- Problem description:
Copy out precisely the lines from the start of the data through the line with "Imagem Apartamento com", and keep pictures out of it.

╭─ Available records

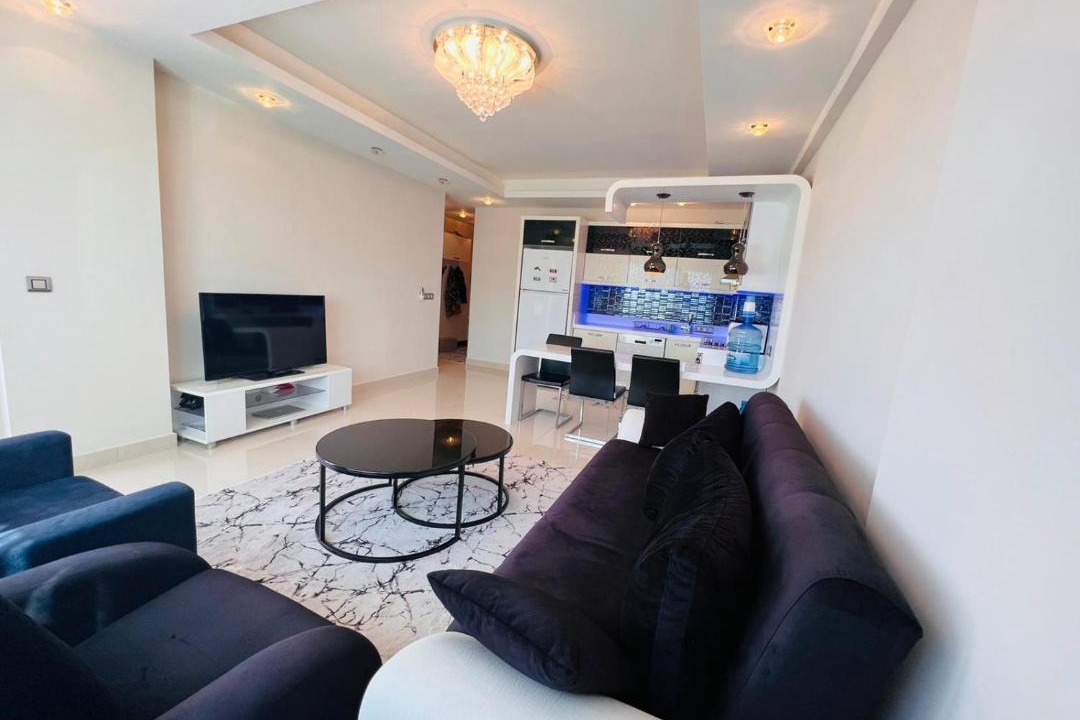 Photo of Livingroom in Seki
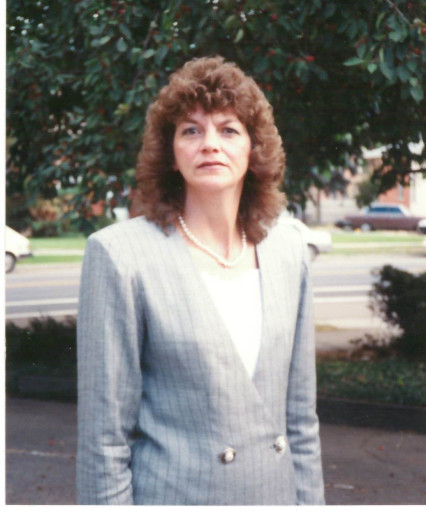 Darlene Meyer Profile Photo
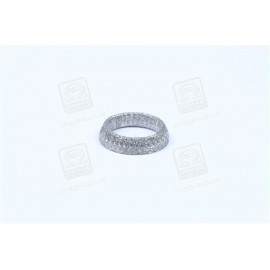 Болт с гайкой ступицы переднего колеса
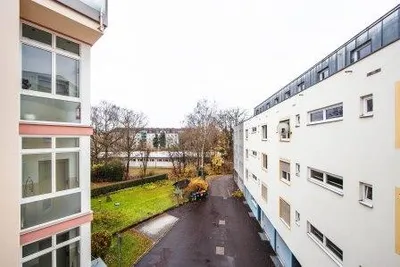2-Zimmer-Wohnung mieten in Linz – 64 m², € 748 – Bild 5 von 5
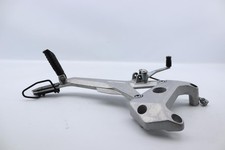 Platine avant gauche HONDA CB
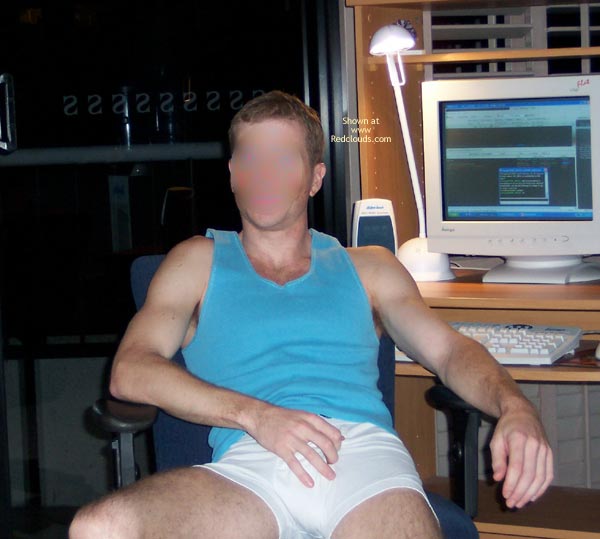 Pic #1M* Hot Aussie Guy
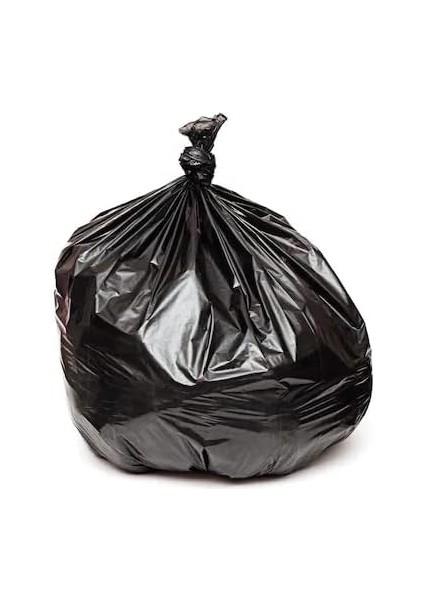 Jumbo Boy J-250 Çöp Poşeti 80X110 cm 90 Lt 10'lu Rulo 5 Paket Siyah modelleri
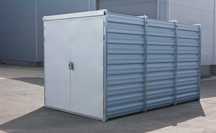 Magazyny samoobsługowe na sprzedaż 6m2/9m2/3x3m2/4x3m2
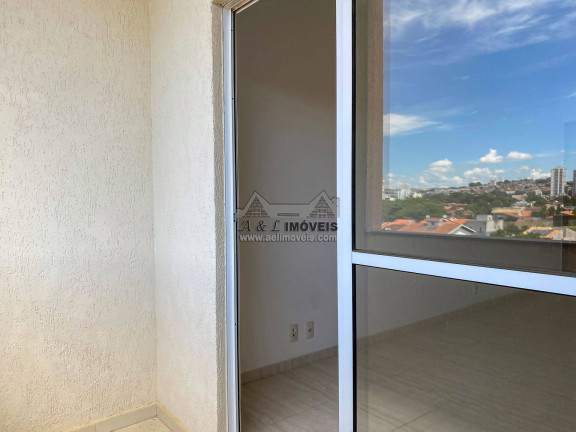Imagem Apartamento com 4 Quartos à Venda, 175 m² em Esplanada Independência - Taubaté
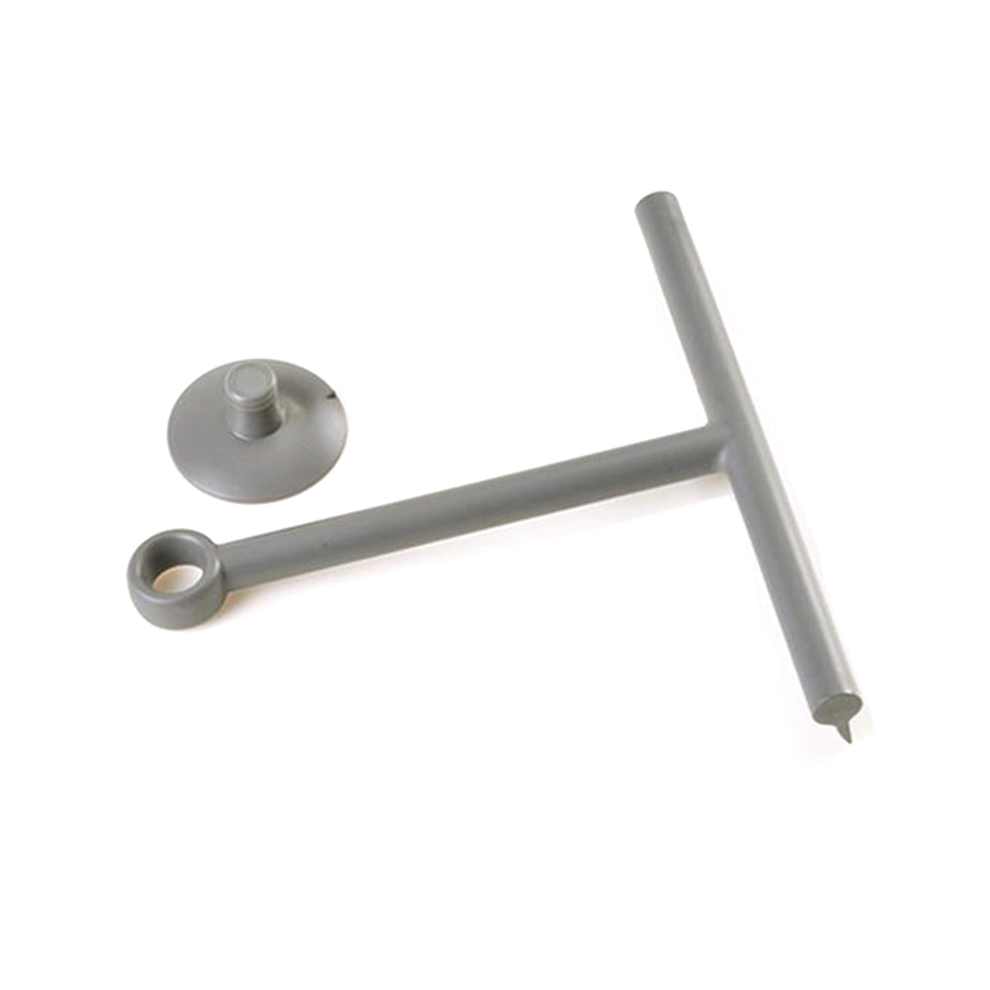 Shower Squeegee Glass Clean Scraper Washing Wiper Hanger Floor Window Cleaning Water Wall Hanging With Handle, A 4851672786459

╰─

- Exercise answer:
 Photo of Livingroom in Seki
 Darlene Meyer Profile Photo
 Болт с гайкой ступицы переднего колеса
2-Zimmer-Wohnung mieten in Linz – 64 m², € 748 – Bild 5 von 5
 Platine avant gauche HONDA CB
 Pic #1M* Hot Aussie Guy
 Jumbo Boy J-250 Çöp Poşeti 80X110 cm 90 Lt 10'lu Rulo 5 Paket Siyah modelleri
 Magazyny samoobsługowe na sprzedaż 6m2/9m2/3x3m2/4x3m2
Imagem Apartamento com 4 Quartos à Venda, 175 m² em Esplanada Independência - Taubaté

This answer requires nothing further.